I don't understand this facination with using low weight braid sizes (20 lb or less)! You buy braid for two reasons: stronger with equiv line dia and less stretch. If you normally fish with 12lb Big Game or Ande then you should be using 40lb braid min. If you normally used 10 lb mono, then you should be using 30lb braid! No one needs 200-300 yds of line on a reel in the bays... you ain't casting that far and no fish will pull that far! Larger braid is more forgiving, much stronger, will NOT bury itself on a hookset, handles nicks, rocks, shells, props, power poles, etc better. And I can outcast any mono and any spinner out there with FINS 40lb PRT and my Laguna Rod and I never break off a fish... cant afford that in Redfish tourneys,,, ever!
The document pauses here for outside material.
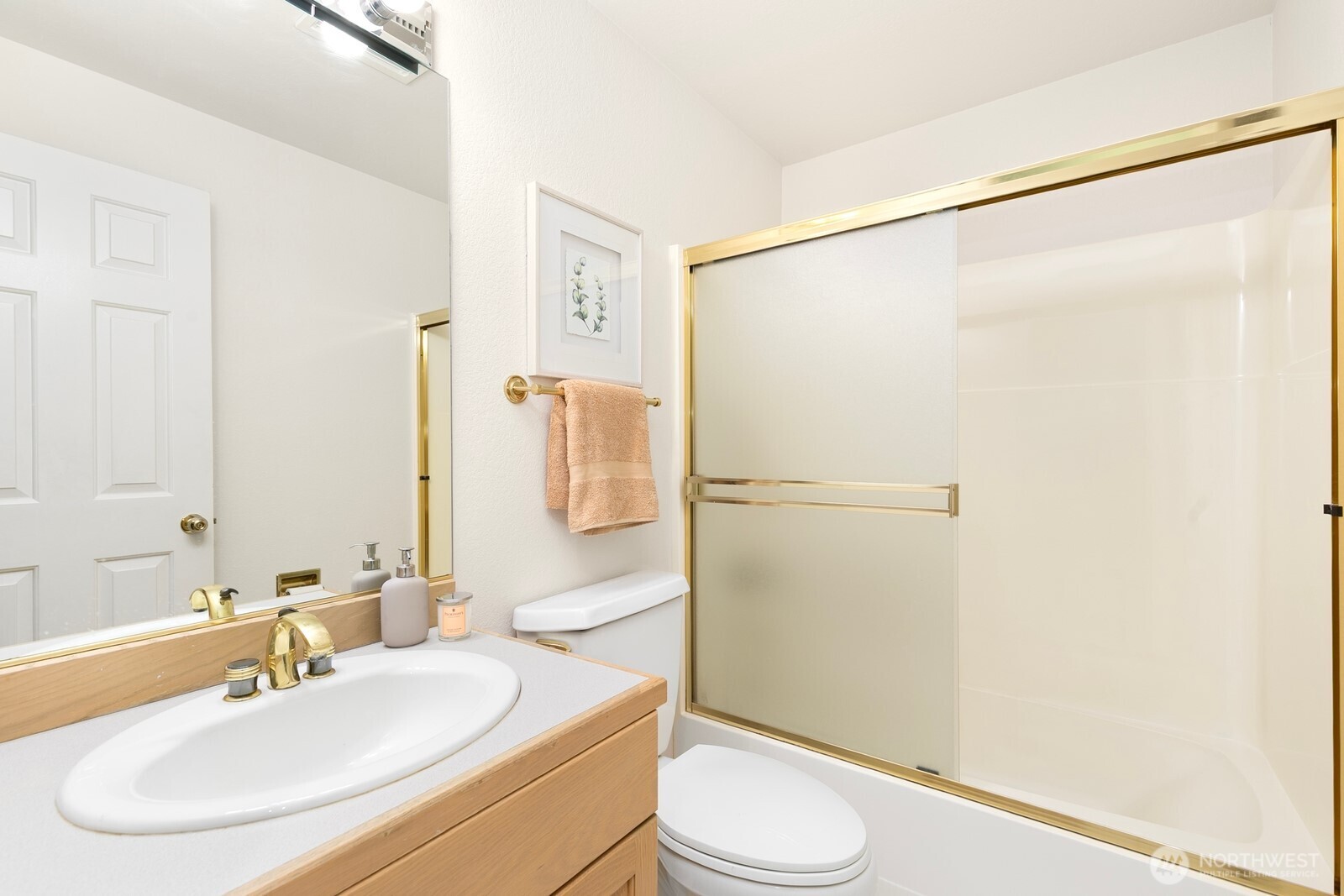 3113 West Harley Street, Unit 3115 Seattle, WA 98199 - Photo 26 of 28 a bathroom with a sink toilet and shower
There... my .02!


----------



## blackmagic (May 13, 2011)

I use the 20 lb wintamer and its amazing nuff' said.my opinion of PP is it takes forever to break in and just doesnt have the performance FINS does......just my opinion...


----------



## letsgofishin (Sep 28, 2009)

*Same here*



troutsupport said:


> BayStlth... that's a little hard to tell exactly what is happening.. did it happen after catching fish... try loosening the drag in that case... or did it happen after popping the cork.. in that cast.. pop it less hard; for trout all you need is a little pop that mimics a trout hitting the surface . One other scenario is what weight cork are you using. if you are casting a big weighted popping cork it could be digging in on the cast and then it would also have enough momentum to snap the line if it pulled into the reel of line on the cast. In that case... use smaller lighter popping corks.. you don't need the big huge ones anyway..
> 
> Tripletime.. I like FINS, but I was wondering why you want to go down to 20? I have used 20 on spinning reels before and that worked ok.. but have found I get less backlashes with 30lb - 50lb on a casting reel. Also the bigger lines have more abrasion resistance and don't dig into the reel. The 20 is so small in dia that any nick at all from an oyster or barnacle or even a gill and it's pretty well compromised and will break.. but if you've tried it and like it then it's all good.. just sharing my experience with it.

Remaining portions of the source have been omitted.